2 On 16 January 2018, the plaintiff, Sumber Indah Pte Ltd (“the Plaintiff”) filed Summons No 281 of 2018 (“Summons 281/2018”), for an order that the Defendant, and/or some other person appointed by the court, take all necessary steps to complete the sale of the shop-house at 101/101A Serangoon Road, Singapore 218006 (“the Property”) to the Plaintiff. This property lies at the very heart of this dispute which will be elaborated below.

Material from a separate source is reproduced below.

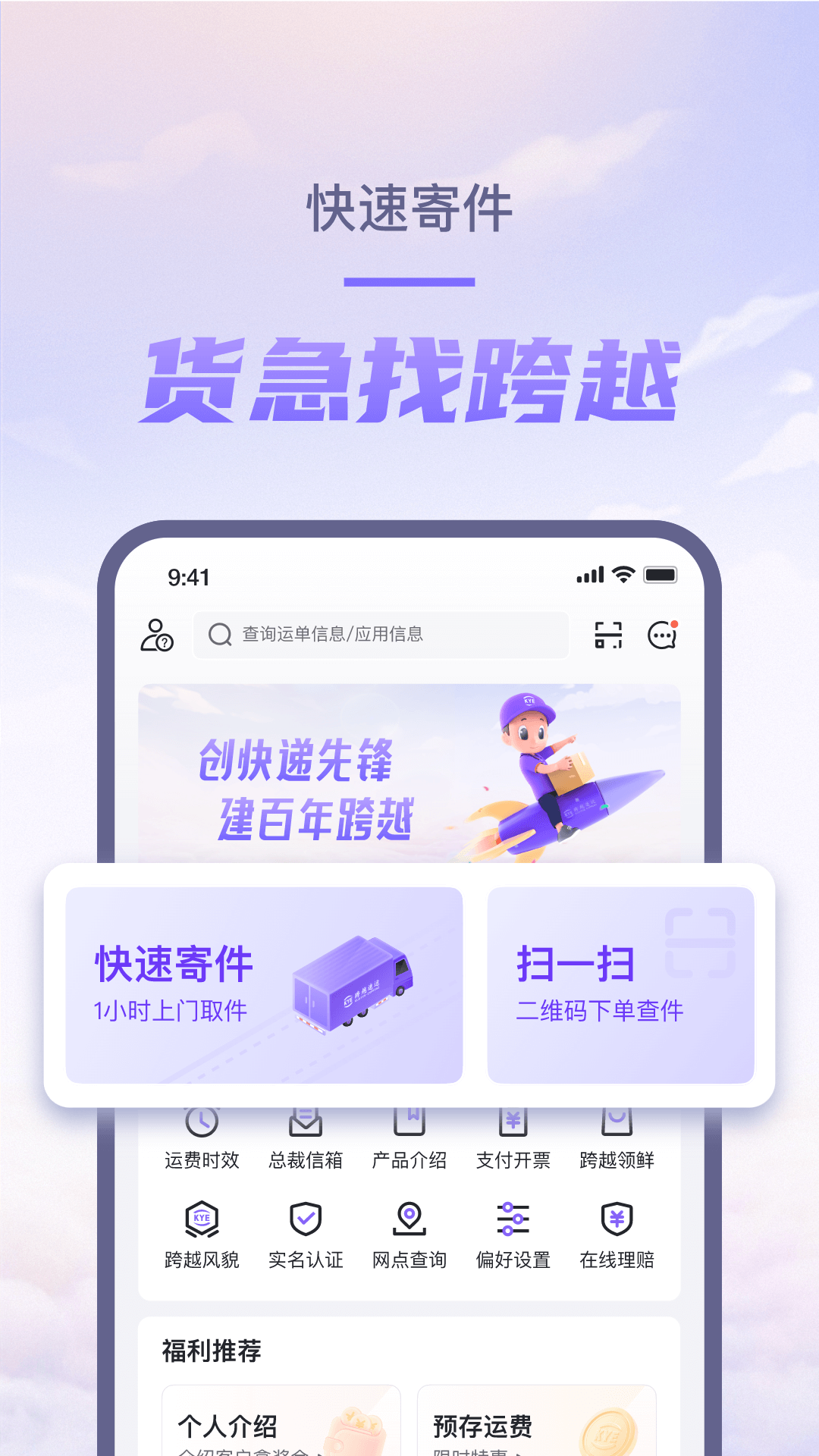 应用截图1预览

3 At the conclusion of the consolidated hearing for both Summons 50/2018 and Summons 281/2018, I dismissed the Defendant’s application for an extension of time, primarily on the ground that the court does not have the power to vary the terms of a consent order, as it is essentially a settlement agreement entered into by the parties. Furthermore, this case did not warrant the court to invoke its inherent powers under O 92 r 4 of the Rules of Court (Cap 322, R 5, 2014 Rev Ed) (“the Rules of Court”) to prevent an injustice or an abuse of the court process. Consequently, I granted the application for the sale of the property to be completed.
4 The Defendant is dissatisfied with my decisions in Summons 50/2018 and Summons 281/2018. I now furnish the grounds for my decisions.
Facts
The parties
5 The Plaintiff is a Singapore incorporated company in the business of electronics wholesale and trade.
Foot Note 1
Jaikishin B Kirpalani’s 1st Affidavit dated 11 August 2017 (“Jaikishin’s 1st Affidavit”), para 3.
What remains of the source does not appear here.